Yazar Fatma İzol ise Nagihan ile Ankara’da tanıştığını söyledi. Yaptıkları bir açıklama sırasında Nagihan’ı gazeteci olarak tanıdığını söyleyen Fatma, Nagihan’ın gazetecilik prensibini de çok beğendiğini paylaştı. Nagihan’ın eril sistemin, kadınlar açısından bir projesinin olmadığının farkında olduğunu, bu yüzden de Nagihan’ın, yanlarına gidip sorunlarını anlamaya çalıştığını ve bununla ilgili haberler yaptığını belirtti. Fatma, “Nagihan ile Ankara’da karşılaştım. Öğretmenlik yapıyordum. Bu görev yapma süresi içerisinde sendikacılık yapıyordum. Biliyorsunuz sendikacılar çeşitli sistem programlarını beğenmedikleri zaman protestolar yapar. Nagihan da bir gazeteci olarak bizimle diyalog kurardı. Nagihan çok etik çalışan bir kadın arkadaşımızdı. Gazetecilik çalışmalarını etik yürütüyordu. Eril bir sistemin kadınlar açısından herhangi bir projesinin olmadığını kendisi de fark etmişti. Bizim problemlerimizi tanımaya, anlamaya ve bununla ilgili haberler yapmaya çalışırdı. Tabii ki Nagihan’ın bu gazetecilik ahlakı hepimizin dikkatini çekmişti. Çalışma prensibiyle kendini bizlere gösteren bir kadındı ve bu yönüyle Nagihan’ı biz çok değerli buluyorduk.
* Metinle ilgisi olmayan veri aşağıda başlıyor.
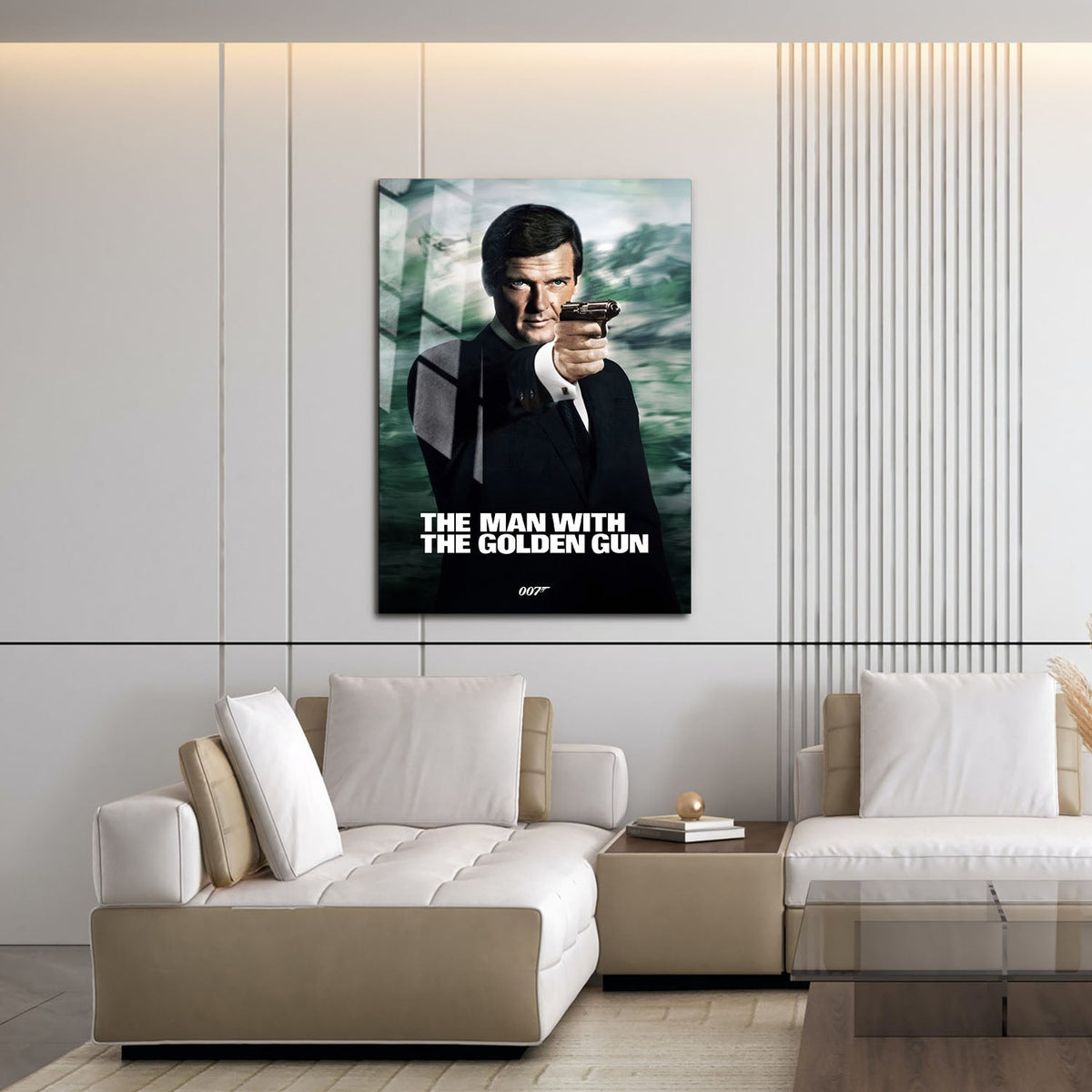 Flex Designs Metal Poster The Man with the Golden Gun Classic 16 x 24" Home Goods - Movie 1974 Movie Metal Poster
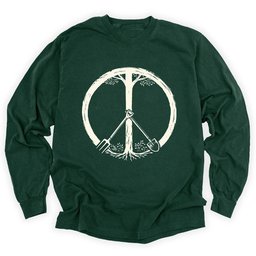 Peace Symbol Long Sleeve Shirt T Shirt Gift For Gardener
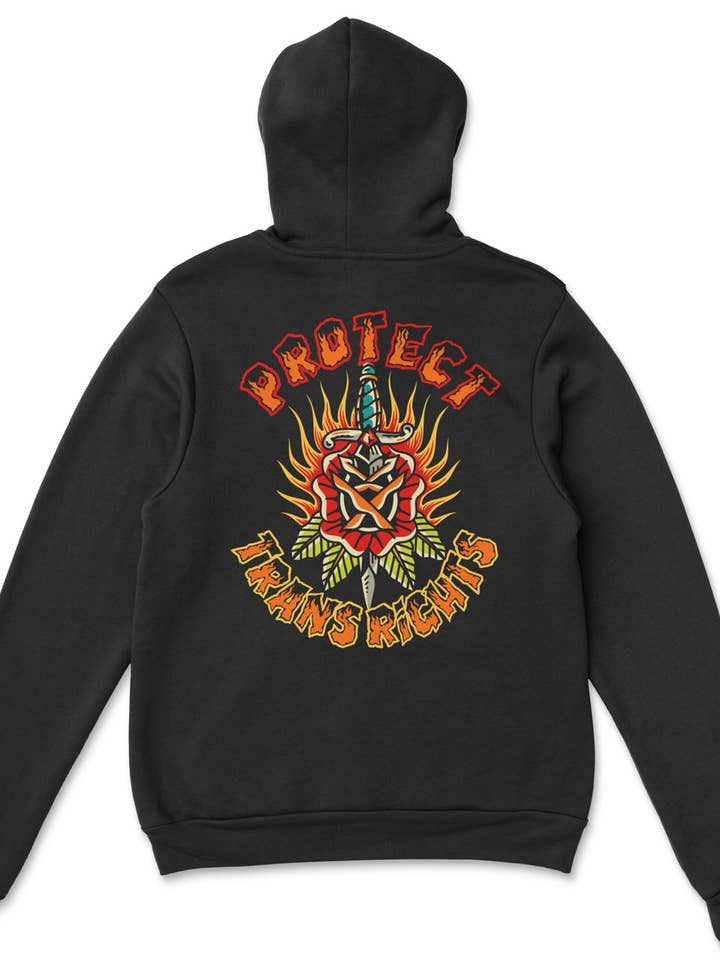 Seventh Eclectic - Wholesale Hoodie - Unisex - Protect Trans Rights Hoodie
Ayrıca kendisi de etik, dürüst ve ahlaki bir siyasetin içerisindeydi. Bu siyasetin gazeteciliğini yapıyordu” dedi.
 
‘Nagihan kadın projeleri sebebiyle hedefteydi’
 
Nagihan’ın kadınlara dair çok sayıda proje hayalinin olduğunu, bu nedenle de sistemin hedefinde olduğuna dikkat çeken Fatma sözlerine şöyle devam etti: “Nagihan arkadaşımızın kadınlar ile ilgili projeleri vardı. Bu projeleri sürekli bizimle konuşarak güçlendirmeye ve beslemeye çalışıyordu. Kürt kadın hafızasının olmadığı yönünde hepimizin ortak bir fikri vardı. Dolayısıyla Nagihan, Kürt kadın hafızasının olması gerektiği yönünde Jineolojik çalışmalar yapılması noktasında çalışmalar yürütüyordu. Bu çalışmalarını ete kemiğe büründürmek istiyordu. Mesela Kürt kadınlarıyla ilgili Kürt Kadınları Kütüphane Arşiv ve Araştırma Merkezi’ni oluşturmak istiyordu. Bu proje, Kürt kadınlar açısından çok değerli bir projeydi. Çünkü böyle bir merkez oluşursa bir hafıza oluşabilirdi. Yaşanmış acı olayları kayıt altına alacaktı. Kadınlar hayali olan herkes tehlikelidir. Sanıyorum ki Nagihan’ın bu tür çalışmaları, sistemi rahatsız etmişti. Çünkü Kürt kadınların anlatacağı hikâyeler vardı. Kürt kadınlar hikâyelerini yazarlara, gazetecilere, hafıza oluşturmak isteyen psikologlara anlatacaktı. Bu projeler, kadın özgürlüğünü, devrimci kişiliğini açığa çıkaracak projelerdir. Bu hafıza diğerlerini elbette rahatsız ediyordu. Nagihan bu yönüyle tehlikeli bir kadındı. Ya da bir gazeteci, yazar, araştırmacı neden öldürülsün? İşte bu yüzden Nagihan hedefti.”
 
‘Mesajını korkusuzca verdi’
 
“Jin, Jiyan, Azadî” felsefesi ile kadınların yaşamını yitirmediğini ve yaptıkları çalışmalar ile hayatın tükenmezliğini kendilerine gösterdiklerini vurgulayan Fatma, “Nagihan, ‘Ben bu gök kubbenin direğiyim. Ben dünyanın, evrenin direğiyim’ mesajını bütün kadınlar adına verdi. ‘Ben kamusal alana çıkmak istiyorum’ mesajını korkusuzca bütün kadınlara verdi. Bu çalışmalarından dolayı kendisine minnettarız. Elbette kadın arkadaşımızın bu yürekli çalışmaları kendi ölümüyle duraksamayacaktır. Onun projelerine bıraktığı yerden sahip çıkılacaktır. Bu nokta itibariyle Nagihan’a biz evrenin direği olduğu için, bizlere de evrenin direği olmamız gerektiğini salık verdiği için teşekkür ediyoruz. Onu tanımaktan gurur duyuyorum. ‘Jin, Jiyan, Azadî’ felsefesi ile böyle güzel kadınların hiç ölmediğini ve yaptığı çalışmalarla hayatın tükenmezliğini bizlere gösterdiklerini ifade etmek gerekiyor. Nagihan da yaptığı yürekli çalışmalarıyla ahlakıyla, prensibiyle iç hukuk çalışmalarını da yürütürdü. Kendi arkadaşları arasında da yanlışları kabul etmeyen bir arkadaşımızdı. Kendisini yüreğinden öpüyorum, kutluyorum” diye konuştu.